Exercise instructions
Output the line that contains "2017 Jaguar F-Pace" together with each line after it, through the final line of the listing below, word for word; omit pictures.

Dataset extract
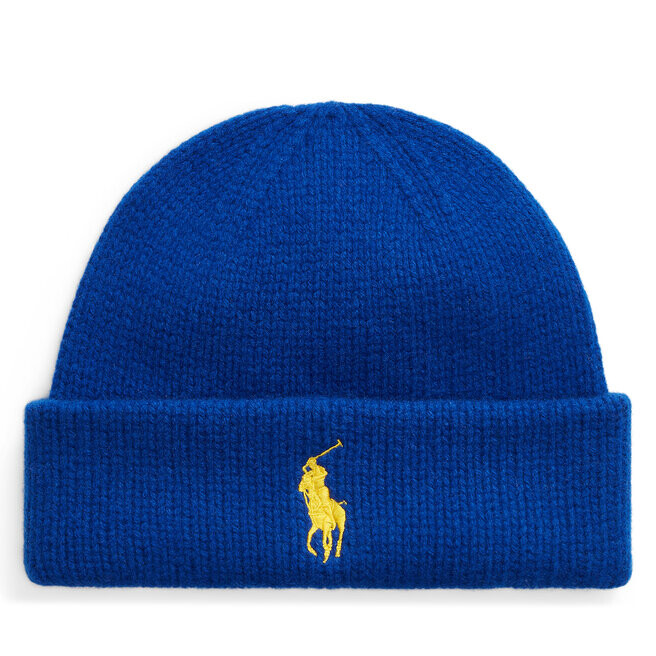 

Шапка Polo Ralph Lauren, синий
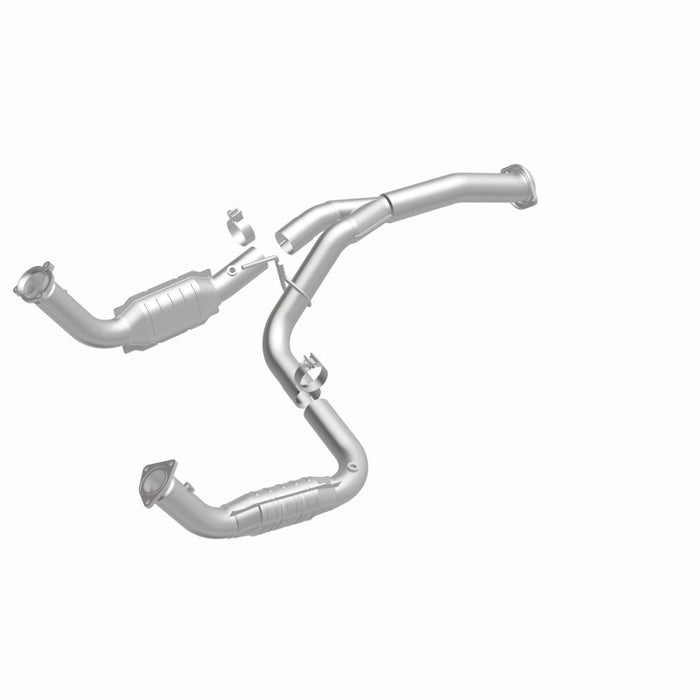 Magnaflow 21-252 MagnaFlow Conv Direct Fit 11-16 Chevrolet Silverado 2500HD/3500HD / GMC Sierra 2500HD/3500HD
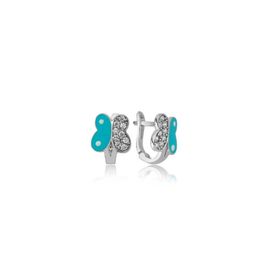 Gumush EA1160003 Taşlı Gümüş Küpe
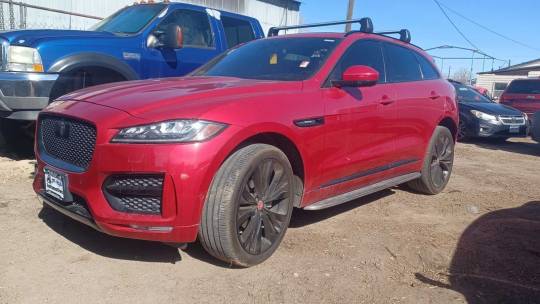 2017 Jaguar F-Pace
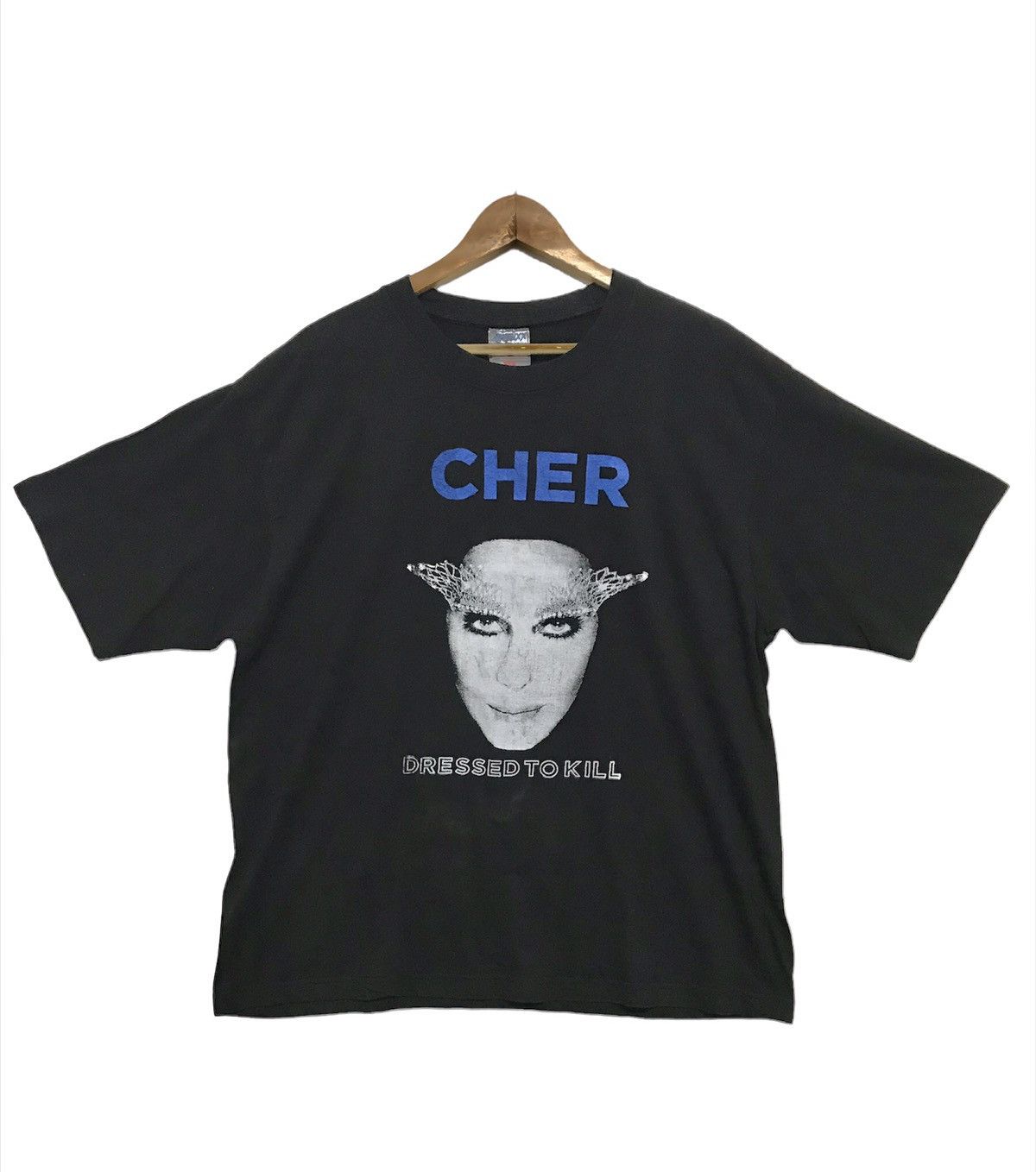 Band Tees CHER Dressed To Kill Tees Size US L / EU 52-54 / 3 - 1 Thumbnail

Answer space
 2017 Jaguar F-Pace
 Band Tees CHER Dressed To Kill Tees Size US L / EU 52-54 / 3 - 1 Thumbnail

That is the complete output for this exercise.